The lessons for enactive theories of color perception, pointed to by Grush et al. in their target article, may also be expanded by including challenges constituted by other atypical color conditions, namely synesthetic color experiences.
Synesthesia is traditionally considered to be a phenomenon in which the stimulation of one sensory or cognitive pathway (the inducer) elicits involuntary and consistent sensory experiences (the concurrent) in the same or another modality (Baron-Cohen et al. 1987; Baron-Cohen & Harrison 1997; Ramachandran & Hubbard 2001a, 2001b). As a result, the stimuli corresponding to the inducer and the experiences associated with the concurrent form a highly integrated percept—a phenomenally-unified experience which may cover not only sensory modalities, but also various mental domains including conceptual, emotional, bodily, and motor aspects (Mroczko-Wąsowicz & Werning 2012; Mroczko-Wąsowicz 2013). Such unification incorporates the central system and early stages of processing. Some synesthetes see colors when dealing with letters or numerals. Individuals with another kind of synesthesia perceive colored patterns in space when hearing sounds. The prevalence of the phenomenon depends on the particular type of synesthetic association, with grapheme-color synesthesia being the most common (Cytowic & Wood 1982; Mroczko-Wąsowicz & Nikolić 2013).
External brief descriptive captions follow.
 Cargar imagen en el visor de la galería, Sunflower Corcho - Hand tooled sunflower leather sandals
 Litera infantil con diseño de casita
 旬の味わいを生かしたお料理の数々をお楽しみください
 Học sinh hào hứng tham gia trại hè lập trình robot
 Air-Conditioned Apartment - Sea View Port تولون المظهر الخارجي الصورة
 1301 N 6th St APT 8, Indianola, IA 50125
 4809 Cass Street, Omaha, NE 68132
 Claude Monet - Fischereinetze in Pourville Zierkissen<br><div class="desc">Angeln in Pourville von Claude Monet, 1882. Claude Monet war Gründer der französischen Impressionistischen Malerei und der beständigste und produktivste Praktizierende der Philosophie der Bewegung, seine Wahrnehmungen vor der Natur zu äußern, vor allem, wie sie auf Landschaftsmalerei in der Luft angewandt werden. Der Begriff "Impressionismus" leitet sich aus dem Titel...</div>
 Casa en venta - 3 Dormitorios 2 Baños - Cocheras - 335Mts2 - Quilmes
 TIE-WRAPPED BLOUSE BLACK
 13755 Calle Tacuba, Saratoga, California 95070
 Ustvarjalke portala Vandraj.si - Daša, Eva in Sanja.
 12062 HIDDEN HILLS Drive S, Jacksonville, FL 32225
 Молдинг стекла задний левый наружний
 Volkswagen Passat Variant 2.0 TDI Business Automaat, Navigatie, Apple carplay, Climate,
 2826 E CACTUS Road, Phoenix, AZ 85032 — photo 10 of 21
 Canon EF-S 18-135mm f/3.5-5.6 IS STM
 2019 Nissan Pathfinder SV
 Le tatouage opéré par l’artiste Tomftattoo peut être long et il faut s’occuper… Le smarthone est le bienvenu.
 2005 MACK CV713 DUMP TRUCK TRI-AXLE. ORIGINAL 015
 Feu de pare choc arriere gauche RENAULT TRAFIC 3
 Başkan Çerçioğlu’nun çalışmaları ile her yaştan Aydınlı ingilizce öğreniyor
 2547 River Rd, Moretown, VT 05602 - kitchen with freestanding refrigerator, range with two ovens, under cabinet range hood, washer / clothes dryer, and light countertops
Color sensations are the most frequent synesthetic concurrents (Marks & Odgaard 2005), demonstrating color opponent properties and neural representations more or less similar to veridical color experiences (Nikolić et al. 2007; Hubbard et al. 2005; cf. Hupé et al. 2012; Van Leeuwen et al. 2010). For some forms of synesthesia color concurrents may also originate from information processing in regions of the cortex other than the visual. Recent neuroimaging studies demonstrate that synesthetic colors for numbers or mathematical formulas may also be produced when the visual cortex is not involved, i.e., by the activation of temporal, parietal, and frontal brain areas (Bor et al. 2007; Hupé et al. 2012; Brogaard et al. 2013). This suggests that information processing in non-visual brain regions may be a source of concurrent colors and therefore some forms of synesthesia can be seen as high-level perception proceeding via non-standard mechanisms. Such high-level synesthetic color perception for mathematical skills, though quite unusual, may provide supportive evidence for the conception of phenomenal liberalism and cognitive phenomenology.